Except of course for the fact that she never
would. She cries and she talks and she
mumbles and she cries and she repeats
herself again and again. And even as she
tells me the sad sad tale that may very well
ruin her life, she manages to wipe the ring
her glass has made on the counter and locate
a coaster. She manages to unload the
dishwasher as she talks to me, cries to me,
pours her heart out while making sure each
glass and dish and utensil is in its proper
place. Like crying is just part of the deal.
Domesticity has a little bit of sadness
built in but that doesn't mean you stop the
order of everything.
I stand completely unable to react. My
mother is sad and I hate this. My mother is
crying and concerned and feels hurt and
abandoned by the one person in her life who
is contracted by law to bring her comfort.

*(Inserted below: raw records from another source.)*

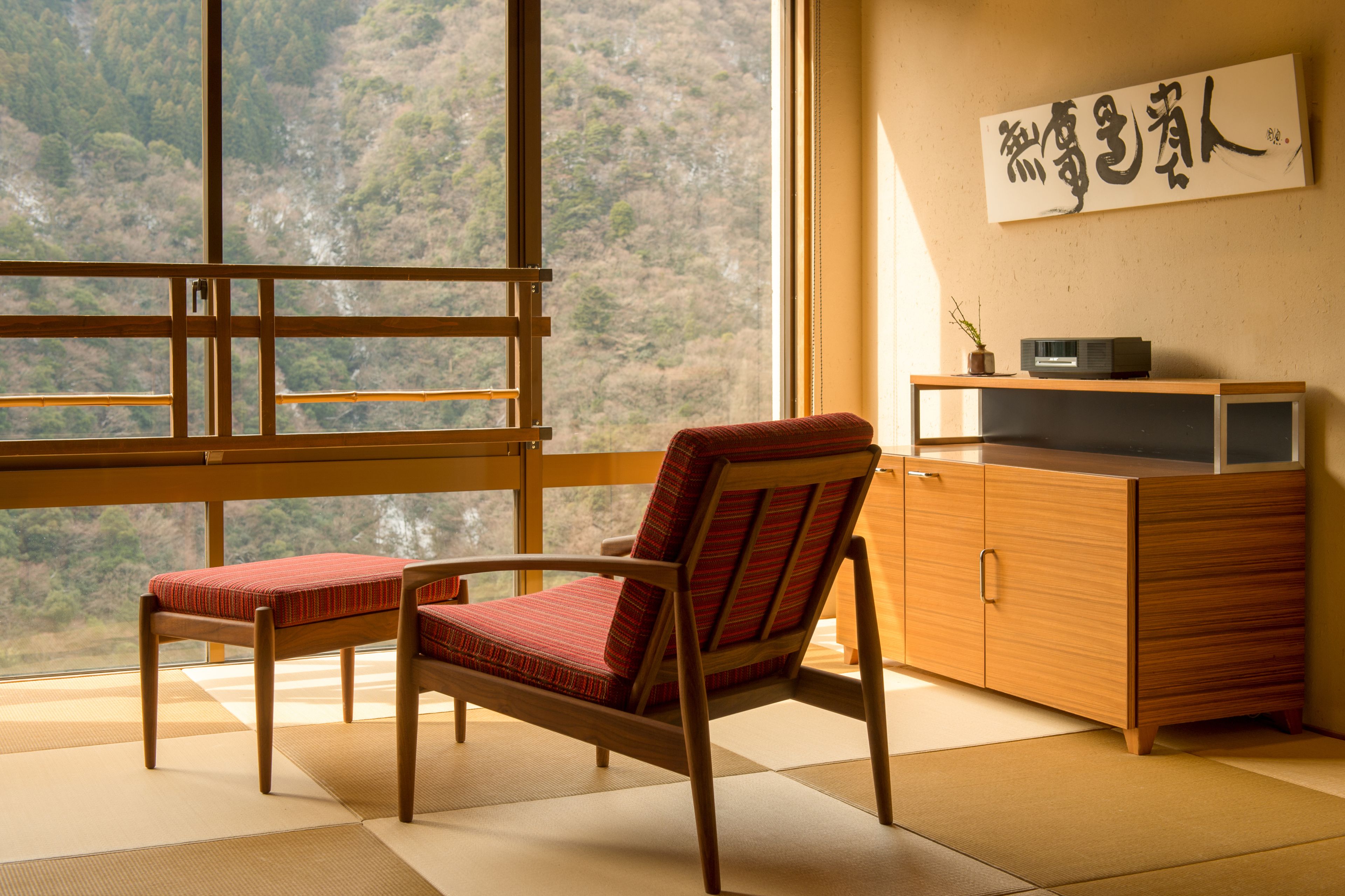 Una habitación japonesa tradicional con suelo de tatami, un escritorio de madera y vistas a una ladera boscosa.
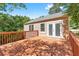 Spacious stained deck, accessible from the interior, surrounded by lush trees at 239 Lindbergh Ne Dr, Atlanta, GA 30305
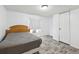 Bedroom showcasing wood-look flooring, bed with comforter, and a white door at 1981 N County Road 426, Oviedo, FL 32765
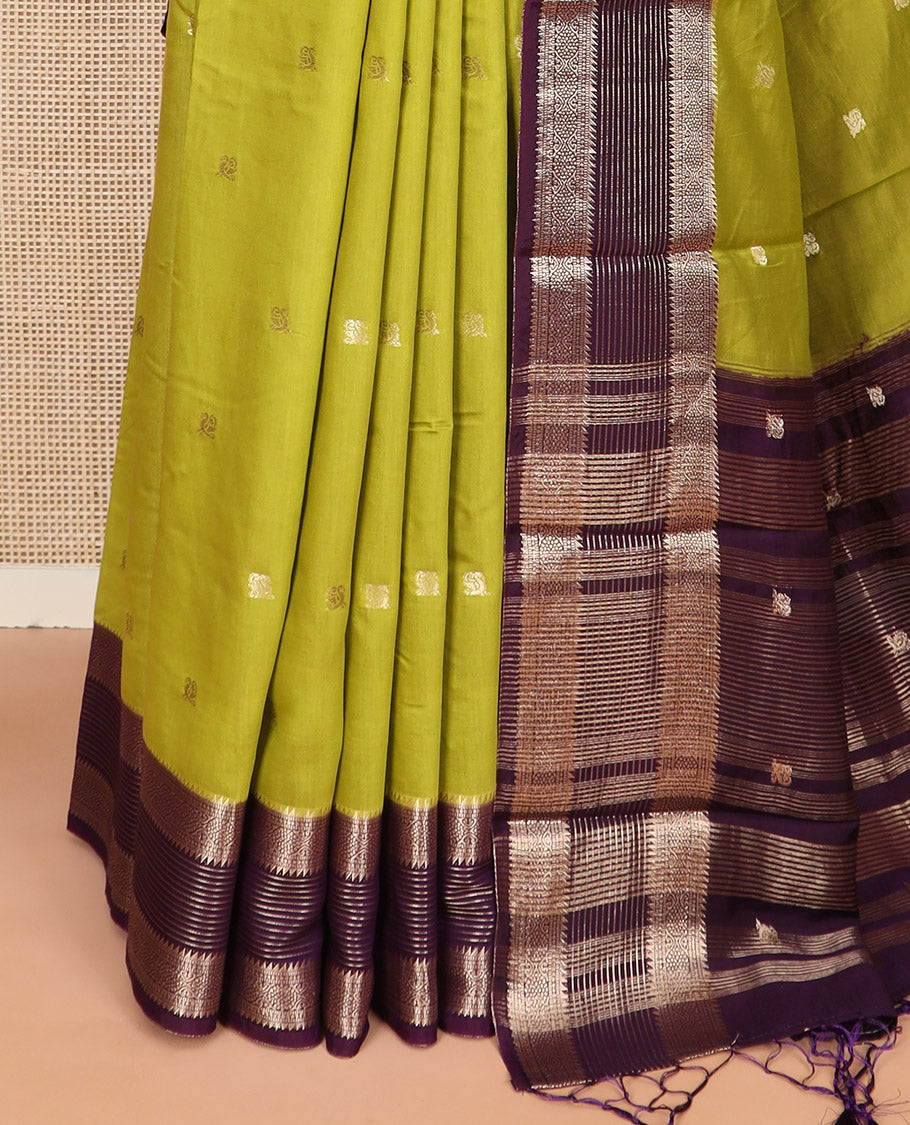 Leaf green peacock buttas Assam silk saree, contrast traditional zari border, and pallu of zari designs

And I have absolutely nothing to say to
console her. I begin to help unload the
dishwasher. I follow her lead realizing I
have long since forgotten the places of
things. And then, once we have finished I
hold her. She is smaller than me now. In
both height and weight I tower over her and
could lift her onto my lap were we that kind
of family. As it is I am a bit uncomfortable
embracing her. Both my parents have always
been free with displays of affection over
the years but they have learned to be less
so with me. I cannot recall ever initiating
contact with either of them until this
She holds onto me hard like she always has. She grasps my back with a sad sort of force. At once asserting her self as still alive and capable and further emphasizing her smallness by coming in so close. She quivers a little still crying as I hold her and I can feel her tiny breasts against my ribs. She could be a small child were it not for the absurd expensive loveliness of the thin black silk blouse under which I feel the slight trembling hardness of her back. She holds onto me in a way that makes me fleetingly suddenly frighteningly think that she may never let go. And then, that maybe this could be the best resolution for both of us. She, still beautifully dressed, grey wool pants, black silk blouse, tiny and lovely and sad. Me, still smelling of beach, old torn faded maroon t-shirt and white cotton shorts. Both of us barefoot. In the kitchen, with all the dishes put away and everything in its place, grasping on to things we have long since lost hold of.